So for three days now I’ve been trying to think of a way to tell you about these brownies. I’ve gone from detailed explanations about how much chocolate there is in them, how incredibly awesome they are, and exactly how I found the recipe, all the way to just typing “zOMG hurry and go make these!” over and over, like some kind of insane cut-and-paste baking mantra.
Homemade brownies always seem to let me down. I buy brownies in bakeries and they’re thick and chewy and dense. The ones I make at home always seem to be thin and sticky, like chocolate paste thickened with some flour. For a long time I thought this was just me, and then I decided it was my recipes—because clearly these brownies can be made—and I started searching for something better.
I started collecting brownie recipes like some kind of sugar-crazed magpie. I would read over them and compare them to what I had made in the past. It was pretty obvious to me that I wanted something with a slightly higher ratio of flour to sugar and butter.
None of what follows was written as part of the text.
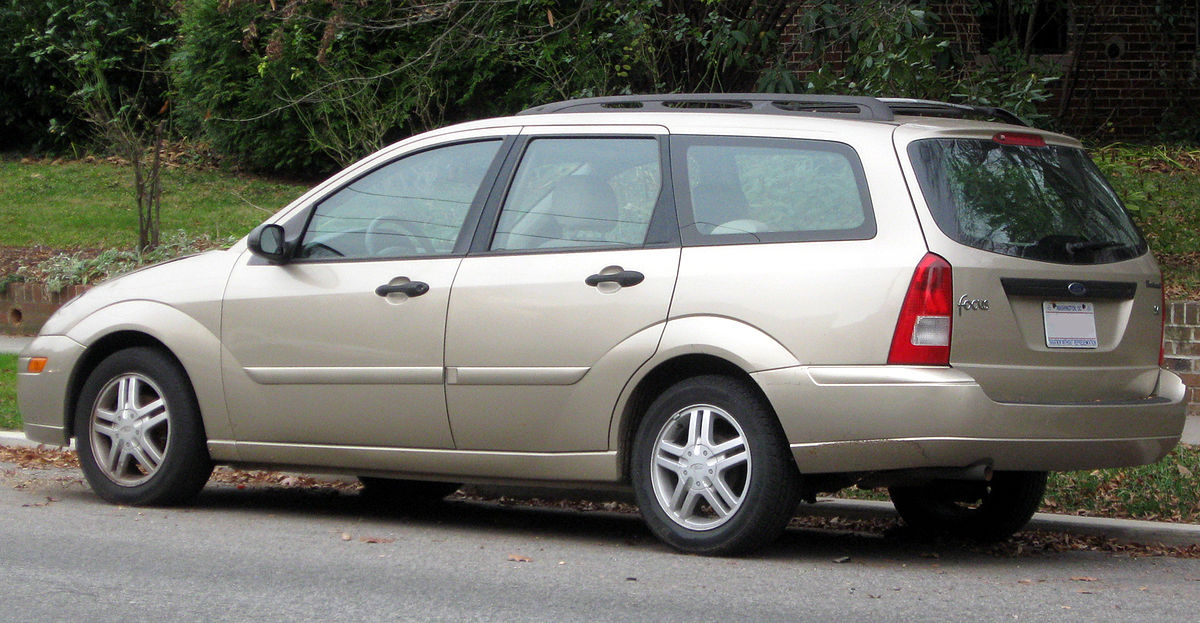 File:2000-2004 Ford Focus SE wagon -- 11-26-2011.jpg - Wikipedia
The high sugar/butter recipes yield a very candy-like product. Also, I have a weird, inexplicable prejudice against recipes that only make an 8 or 9” square pan. I want 117 glorious square inches of chocolaty loveableness. (Did I do that math right? Is a 9” x 13” pan 117 square inches? I confess I was never much good at area, unless we were talking about circles, and then I knew there was something about the diameter or the circumference and pi played a role but I was always much more interested in two-crust versions than in irrational, transcendental numbers. And I might not even be right about circles. Geometry was a long time ago. )
Where were we? Oh, right, brownie recipes. So I wanted a big pan, and I wanted a pretty thick brownie.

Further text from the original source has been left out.